Very cool. Enjoy it!
10 day waiting period though?
It was a combination of two things: the Bloomberg-financed initiatives 594 and 1639 in Washington state mandating that all sales and private transfers go through a FFL and that a background check be conducted for all transfers, amongst many other restrictions. For many years, if you held a Washington Concealed Pistol License, and you bought at a LGS, you had the phone NICS instant background check done at the point of sale, and could walk out with your new handgun. Private sales/transfers had no background check or paperwork requirement: you exchanged money and walked away with your new firearm. Effective 1 July 2019, the FBI decided they could no longer participate in the instant background check for the state, so it now falls to local law enforcement to do it and having a CPL means nothing in terms of the waiting period. State law gives them 10 business days to either clear or deny the transfer. The typical handgun transfer fee in this area is $ 25, although I have seen a range of $ 15 to $ 50.

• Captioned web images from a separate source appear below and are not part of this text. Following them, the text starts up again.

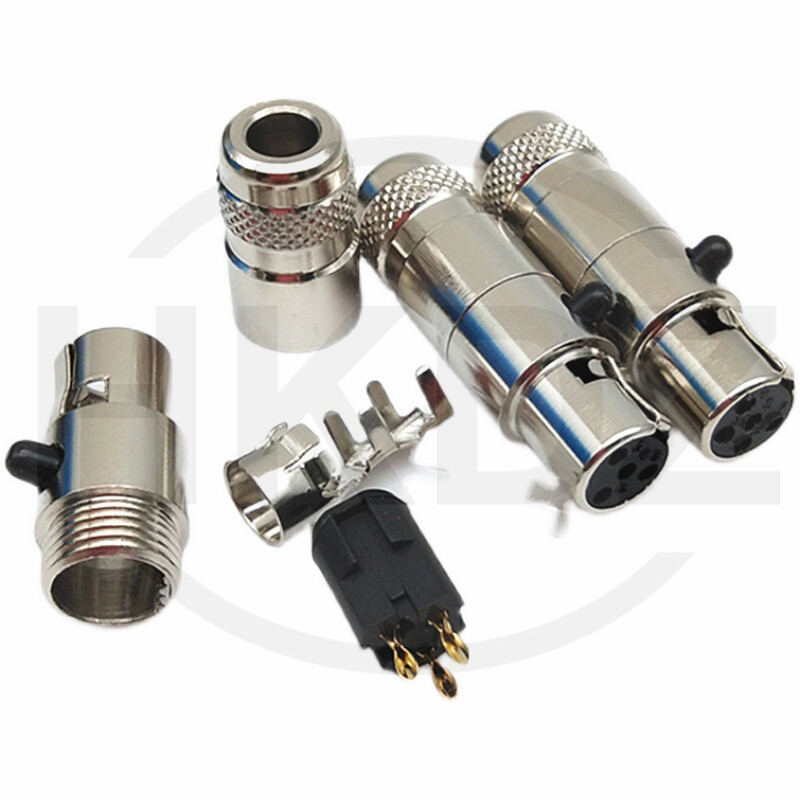 Mini XLR Connector 3 4 5 6 7 Pin Male Female Panel Plug Socket Microphone Audio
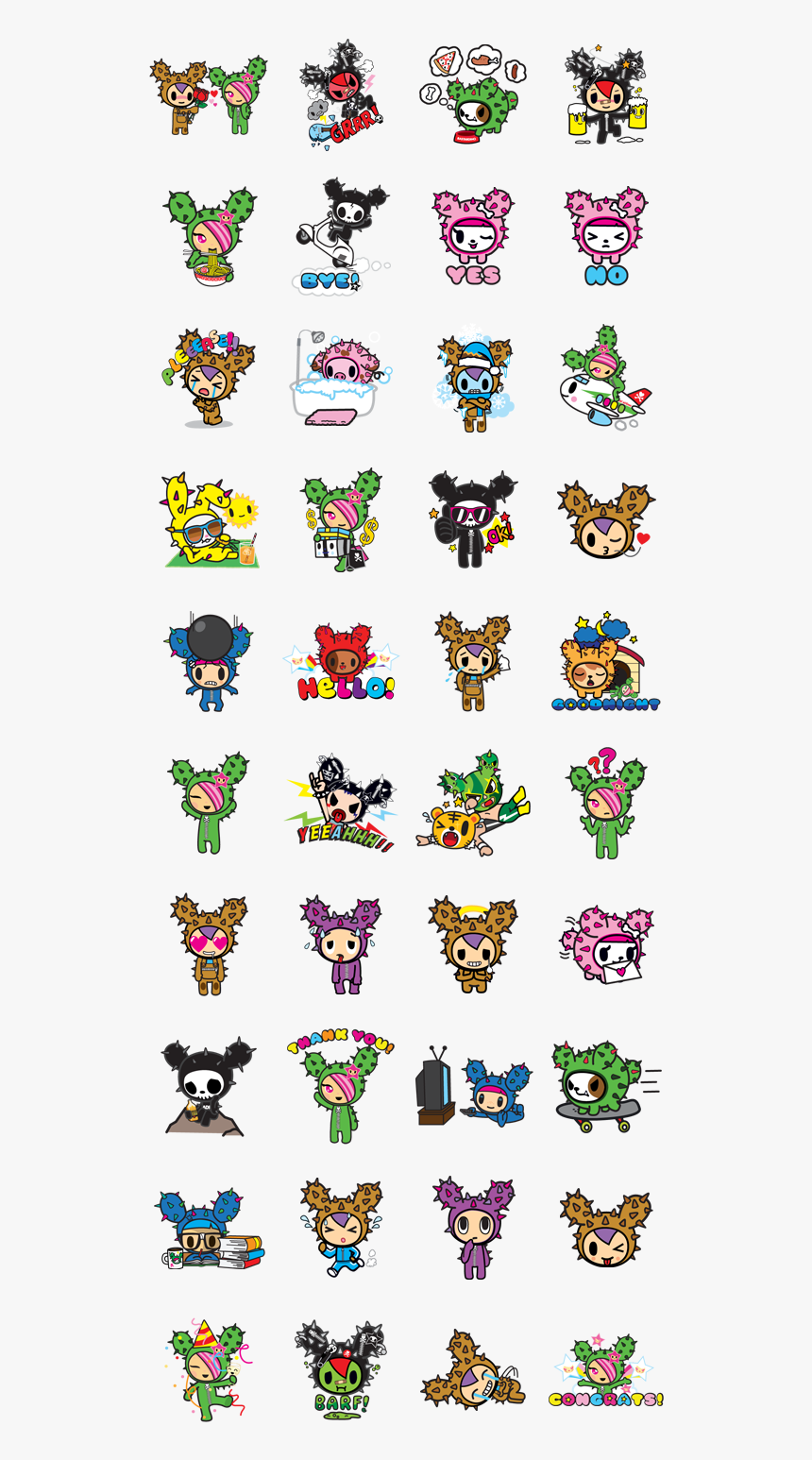 Kawaii Stickers Tokidoki, HD Png Download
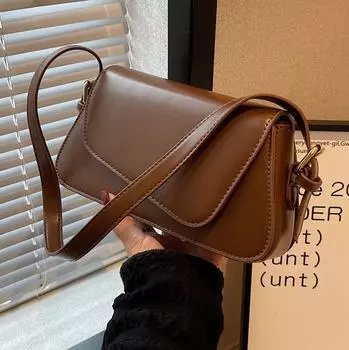 Популярная в этом году маленькая сумка 2024 года, новая женская сумка на осень и зиму, высококачественная сумка-мессенджер на одно плечо, маленькая квадратная сумка через подмышку белый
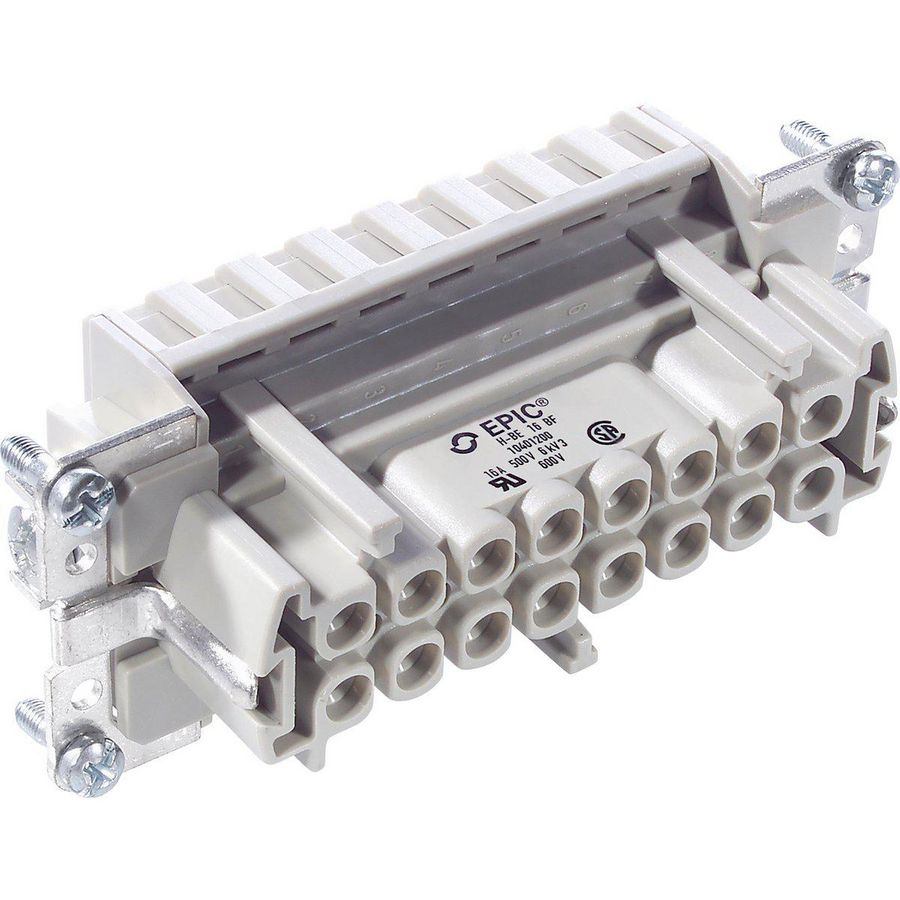 H-BE 16 BF FEMALE INSERT W. CLAMP SPRING VVE=5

For this purchase via Armslist, I went to the LGS, bought the pistol from the seller, we both filled out the sales/transfer paperwork, I filled out the 4473 and background check paperwork, paid a $ 27.19 transfer fee ($25 plus local sales tax) we shook hands and he drove away. The LGS now has to store the pistol in their safe and I have to drive back there in 10 days to pick it up. One trip to the seller and two trips to the buyer. So it is a real pain in the tuchis, and I have not heard of any significant upsurge in denied purchases as a result of the new requirements.
The same requirements now apply to the gun shows. I am a member of Washington Arms Collectors, which does a large show in Monroe or Puyallup every month. Since the change in state laws, the shows are now a ghost town. No one wants to drive 100 miles in Seattle-area traffic to go to the show, buy a handgun, and then have to make another long drive 10 days later to pick up the pistol from the FFL. The only ones making a profit at the shows now are the FFLs doing a transfer. If I am driving 85 miles to the Puyallup show and making a purchase, if there is not a FFL local to me at the show for the transfer, so I can drive locally to pick it up, I am not making any purchases at the show.
So Washington went from having amongst the best set of gun laws in the country to having some of the most strict, thanks in large part to financing from the Bloomberg group. The progressives of Seattle and King County keep trying more state legislation on modern sporting rifles, magazine capacity, ammunition sales, and a registry.